Open astradamus opened 1 year ago

astradamus commented 1 year ago

image

I really can't imagine why this would be inverted. In English software, "Yes" goes on the left.

What possible good reason could there be for this? I've already misclicked it three times 😆

astradamus commented 1 year ago

Incidentally, these buttons should really be more differentiated either way. Different colors, or no as gray and yes as red, something like this would be much safer.

maxnet commented 1 year ago

In English software, "Yes" goes on the left.

Depends whose UI guidelines you follow...

Apple MacOS UI guidelines: “A button that initiates an action is furthest to the right. The Cancel button is to the left of this button.

Google: "The dismissive action of a dialog is always on the left. Dismissive actions return to the user to the previous state.The affirmative actions are on the right. Affirmative actions continue progress toward the user goal that triggered the dialog.”
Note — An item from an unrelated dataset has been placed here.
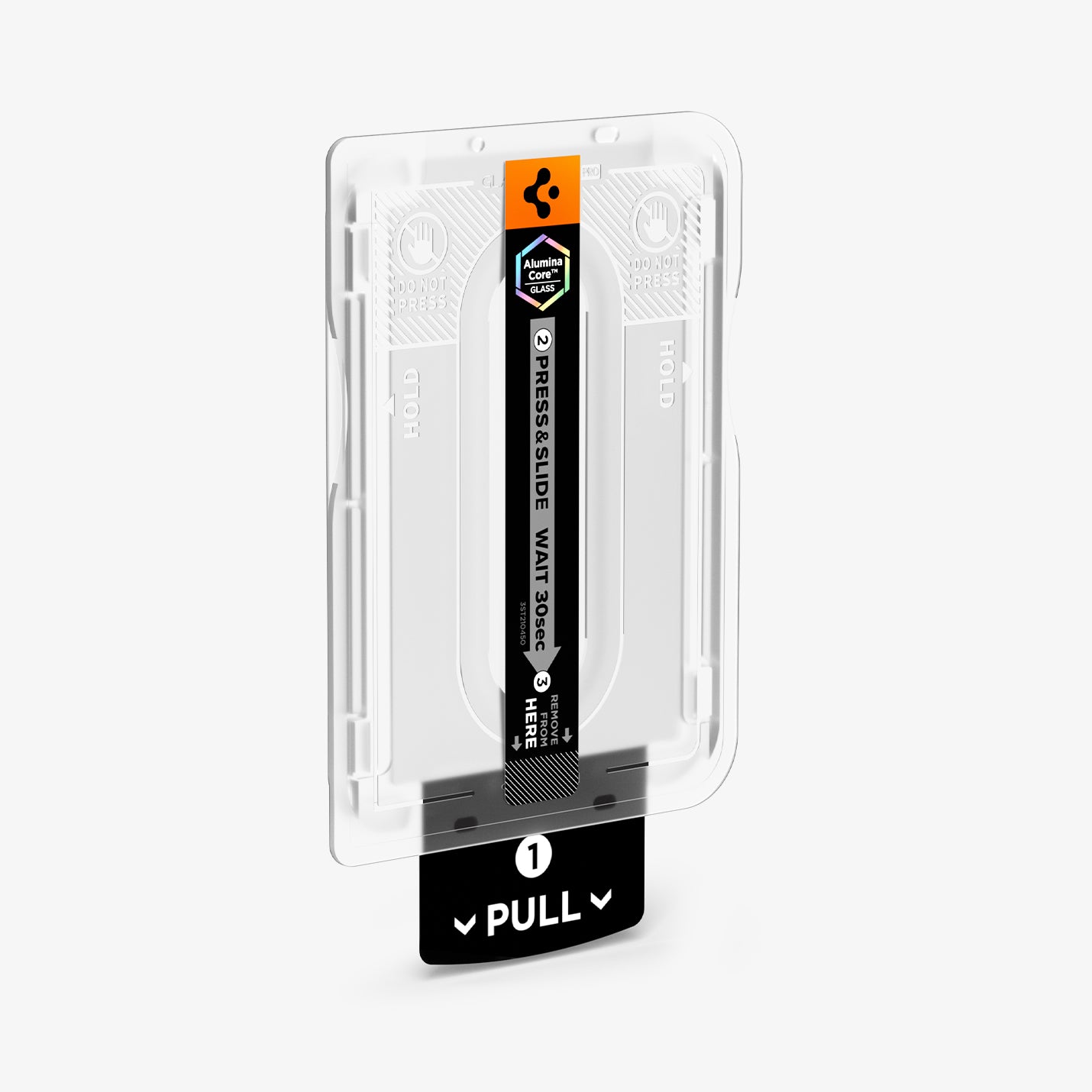 AGL11759 - Galaxy Z Fold 8 GLAS.tR EZ Fit Pro showing an angled view of the installation tray with "PULL," "PRESS & SLIDE," and "HOLD" markings.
astradamus commented 1 year ago

Oh interesting 🤔 It's always been Yes // No on Windows. Never used Apple products, but No // Yes makes more sense in a mobile context with the whole back thing, but at least on Android they always color the boxes differently as well 🤔

ghollingworth commented 1 year ago

Yes, as Simon Long our esteemed UI engineer will tell you, in almost all languages we read from left to right, top to bottom (there are a few exceptions). So the bottom right is the 'right place' for a completion button (kind of like a 'next page' would naturally be in a book)

Windows of course was first developed at a time when UI development was very young and they tended to stick with what they knew. Other operating systems, I think, have switched to the bottom-right as it has become more obvious that that is the 'right-choice'!

Of course, most UI engineers agree that this should really be consistent with the platform, and therefore OK should be on the left on Windows but not on other OSes!

But I think consistency (within the application), is a better choice here...

astradamus commented 1 year ago

I could see getting used to either one. It's the inconsistency that tripped me up, since as you said it's on Windows and that's what we're used to over there. I walked face-first into it 3 times in a row 😅

The highlighting differentiation would go a long way towards helping people from any configuration more quickly select the right option.